Abstract
P1422
Introduction: Physiologically based pharmacokinetic (PBPK) modeling fine-tuned for radiopharmaceuticals holds great promise to optimize radiopharmaceutical therapy (RPT) plans. Current practice in RPT involves the utilization of a single bolus injection or short-time infusion of the radiopharmaceutical in each treatment cycle. It is of interest to study the effect of the various injection profiles on delivered absorbed doses of tumors and organs at risk (OAR). In this study, we developed a PBPK model to evaluate whether larger absorbed doses can be delivered to tumors and OARs per unit of injected radioactivity and whether this framework can act as a differential enhancer, i.e. enabling improved dose delivery to the tumor with respect to OARs.
Methods: We developed a PBPK model for 177Lu-PSMA targetting RPTs. Our developed model involves a system of ordinary differential equations (ODEs) simulating the kinetics of radiopharmaceuticals in the body that enables us to track the number of hot and cold radiopharmaceuticals in different organs at any time (the full structure of the model is shown in figure 1). We have used realistic population-measured values for the parameters of the model. We further validated our model, which we implemented on SimBiology Matlab, using real data (5 SPECT images acquired post-injection 177Lu-PSMA I&T; data by Kletting et al.). For model validation and matching the predicted time activity curves with the measured data, we fit 10 parameters summarized in table 1.
Our simulated injected radiopharmaceutical consists of 11.7 GBq 177Lu-PSMA with the specific activity of 104 MBq/µg (i.e. 16.28 nmol hot ligand and 91 nmol cold ligand). Two injection profiles were tested: 1) a single bolus injection, and 2) 11.7GBq injection distributed over multiple bolus injections (see table 2). We calculated the normalized efficacy (NE) (Eq. 1) for each OAR (i.e. kidneys, salivary glands, liver, and spleen) to quantify any difference between these strategies. We also studied NE for different tumor sizes. We calculated the multi-bolus therapeutic efficacy (Eq. 2), which is the area under the curve of the normalized efficacy for each experiment with a different tumor size.
Results: We found that distributing the injection of radiopharmaceuticals over several bolus injections increases the delivered dose to tumors as well as organs at risk (OARs).

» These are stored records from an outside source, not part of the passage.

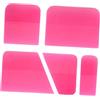 FLCPJGV 5 Pezzi Spatole PPF he Spatole in TPU Strumento per pellicole per auto Strumenti per oscurare finestre facili da usare per pellicole di, Rosa
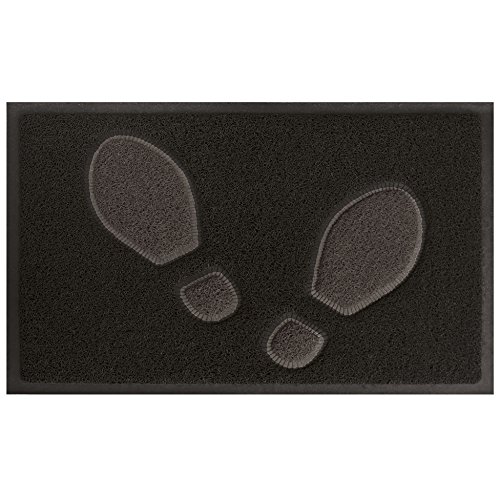 Tapis d'entrée pvc imprimé noir/taupe 75 x 45 x...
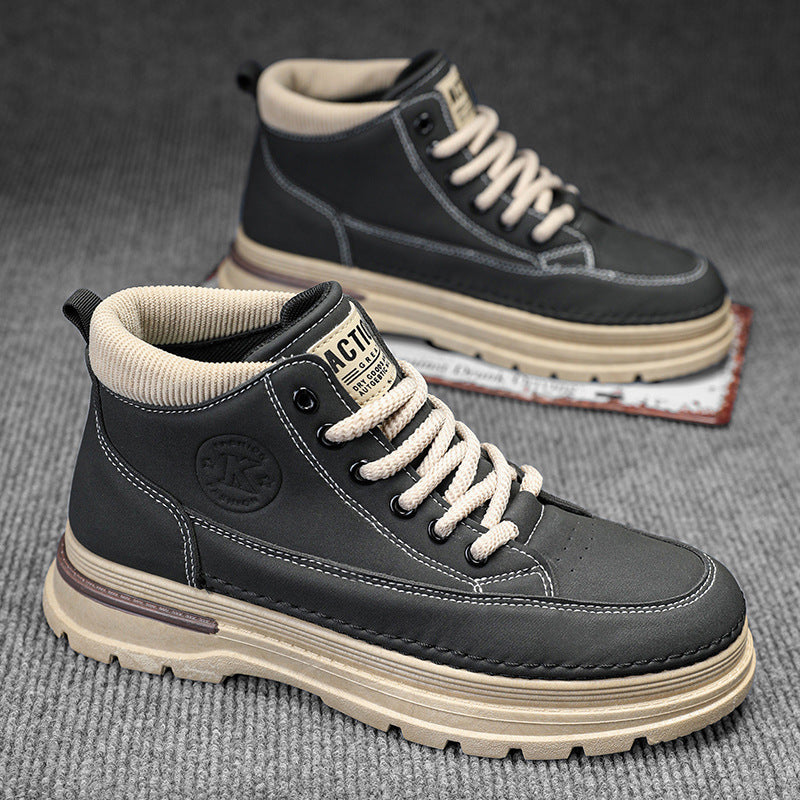 Damen modische High-Top Stiefel mit gepolstertem Innenfutter und rutschfester Sohle EB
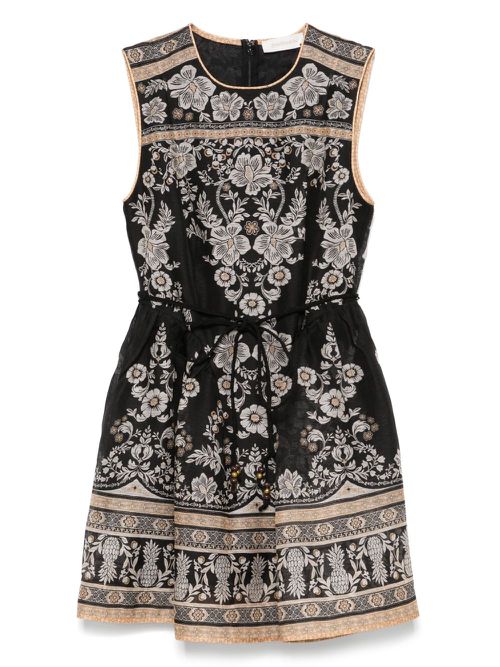 ZIMMERMANN Balance peplum mini dress - Black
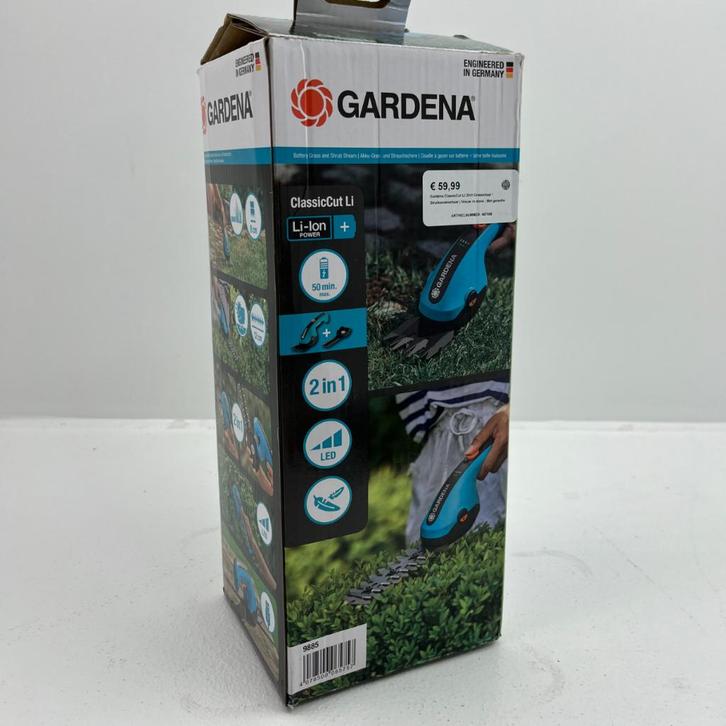 Gardena ClassicCut LI 2in1 Grasschaar / Struiksnoeischaar, Tuin en Terras, Snoeischaren, Nieuw, Minder dan 20 mm, Ophalen of Verzenden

This is most certainly due to the fact that separating the bolus injection into several administrations reduces the saturation in the receptors (thus controls the linearity of the system) and this in turn enhances the PSMA targeting efficacy of the radiopharmaceuticals (see figure 1). However, in the sense of tumor-to-OAR dose ratios, this is not advantageous because the multi-bolus strategy can increase OAR doses at a higher proportion than tumor doses (see figure 2). Our results suggest that the multi-bolus injection strategy does not act as a differential enhancer. However, we observed that the therapeutic efficacy increases with tumor size (see figure 3).

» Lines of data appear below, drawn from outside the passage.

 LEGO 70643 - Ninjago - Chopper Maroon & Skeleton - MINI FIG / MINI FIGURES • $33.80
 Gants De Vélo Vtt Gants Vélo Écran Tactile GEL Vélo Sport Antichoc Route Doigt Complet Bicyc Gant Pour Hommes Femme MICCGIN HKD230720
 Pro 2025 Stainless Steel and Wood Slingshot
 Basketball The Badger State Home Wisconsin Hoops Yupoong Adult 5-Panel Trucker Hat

Conclusions: We compared the absorbed dose values for different organs in single-bolus and multi-bolus injection profiles. We found that several bolus injections can reduce the saturation level of receptors and increases the delivered absorbed dose to the tumor. However, our results suggest that the multi-bolus injection profile does not act as a differential enhancer factor because the increase in delivered absorbed dose to OAR can be larger than the increase in absorbed dose to the tumor when compared to the single bolus injection.